ReadPaper Blog
M3Eval: Multi-Modal Memory Evaluation through Cognitively-Grounded Video Tasks
M3Eval introduces a benchmark for evaluating memory in multi-modal models on long-form video tasks, addressing the gap between larger context windows and genuine retention, retrieval, and organization of information. The paper adapts controlled paradigms from cognitive psychology into video question-answering tasks that isolate memory mechanisms such as divided attention, interference, temporal organization, and symbolic abstraction. Its experiments across representative open-source and proprietary multi-modal models show that current systems often remember video content in brittle, entangled, and non-human-like ways.
Source: M3Eval: Multi-Modal Memory Evaluation through Cognitively-Grounded Video Tasks

Why Long-Video Models Still Forget
The paper argues that long-video understanding requires more than feeding a model more frames or expanding its context window.
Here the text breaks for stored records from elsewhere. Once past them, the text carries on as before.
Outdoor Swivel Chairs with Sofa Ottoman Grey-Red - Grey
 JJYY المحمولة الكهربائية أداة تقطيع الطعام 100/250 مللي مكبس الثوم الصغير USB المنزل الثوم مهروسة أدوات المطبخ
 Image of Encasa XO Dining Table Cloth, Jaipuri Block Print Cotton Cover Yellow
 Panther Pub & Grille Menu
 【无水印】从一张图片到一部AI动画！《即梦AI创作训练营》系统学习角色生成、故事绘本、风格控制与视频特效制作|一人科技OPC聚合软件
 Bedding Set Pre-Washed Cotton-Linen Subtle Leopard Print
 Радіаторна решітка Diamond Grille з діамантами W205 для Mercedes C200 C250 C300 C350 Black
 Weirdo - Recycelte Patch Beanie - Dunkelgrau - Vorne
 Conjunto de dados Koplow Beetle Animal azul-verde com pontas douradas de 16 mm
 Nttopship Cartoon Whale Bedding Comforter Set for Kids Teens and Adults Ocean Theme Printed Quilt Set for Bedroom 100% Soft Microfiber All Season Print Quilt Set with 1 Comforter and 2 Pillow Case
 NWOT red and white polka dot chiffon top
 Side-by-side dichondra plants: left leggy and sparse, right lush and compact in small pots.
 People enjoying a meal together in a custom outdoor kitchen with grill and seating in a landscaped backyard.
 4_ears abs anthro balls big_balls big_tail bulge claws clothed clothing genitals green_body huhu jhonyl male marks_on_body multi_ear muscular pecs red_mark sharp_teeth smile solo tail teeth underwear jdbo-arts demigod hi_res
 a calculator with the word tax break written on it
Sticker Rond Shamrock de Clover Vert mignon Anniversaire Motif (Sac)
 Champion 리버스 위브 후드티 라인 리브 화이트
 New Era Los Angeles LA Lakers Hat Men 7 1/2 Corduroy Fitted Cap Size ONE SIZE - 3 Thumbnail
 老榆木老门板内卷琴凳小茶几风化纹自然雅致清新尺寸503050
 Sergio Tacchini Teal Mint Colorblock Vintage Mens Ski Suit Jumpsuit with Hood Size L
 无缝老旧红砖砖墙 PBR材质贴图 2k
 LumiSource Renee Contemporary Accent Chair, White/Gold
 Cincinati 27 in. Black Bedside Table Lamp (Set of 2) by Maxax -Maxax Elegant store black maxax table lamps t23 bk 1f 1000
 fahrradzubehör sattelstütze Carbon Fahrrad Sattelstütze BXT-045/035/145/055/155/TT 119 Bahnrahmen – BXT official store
M3Eval is motivated by the observation that existing video benchmarks mainly test perception and reasoning, while leaving memory as an implicit and poorly measured capability. The authors define multi-modal memory as the ability to encode, store, retrieve, and synthesize information across long temporal horizons involving video and text. This distinction matters because downstream reasoning over long videos depends on whether the model preserves the right information, keeps sources disentangled, and resists distraction. By framing memory as a first-class evaluation target, the paper turns a broad limitation of multi-modal models into a set of testable mechanisms.

M3Eval’s Core Idea
M3Eval’s main methodological contribution is to transfer the logic of cognitive psychology into controlled video-based evaluation. Rather than asking broad questions that mix perception, reasoning, and recall, the benchmark constructs stimuli and QA probes intended to isolate specific memory processes. The paper draws on paradigms such as divided attention, memory interference, interleaved event organization, and N-Back-style symbolic representation. Each task is designed around a cognitive theory, instantiated as a controlled video condition, and paired with targeted multiple-choice questions and metrics for failure modes. This design lets the benchmark ask not merely whether a model answers correctly, but what kind of memory breakdown may have produced the error.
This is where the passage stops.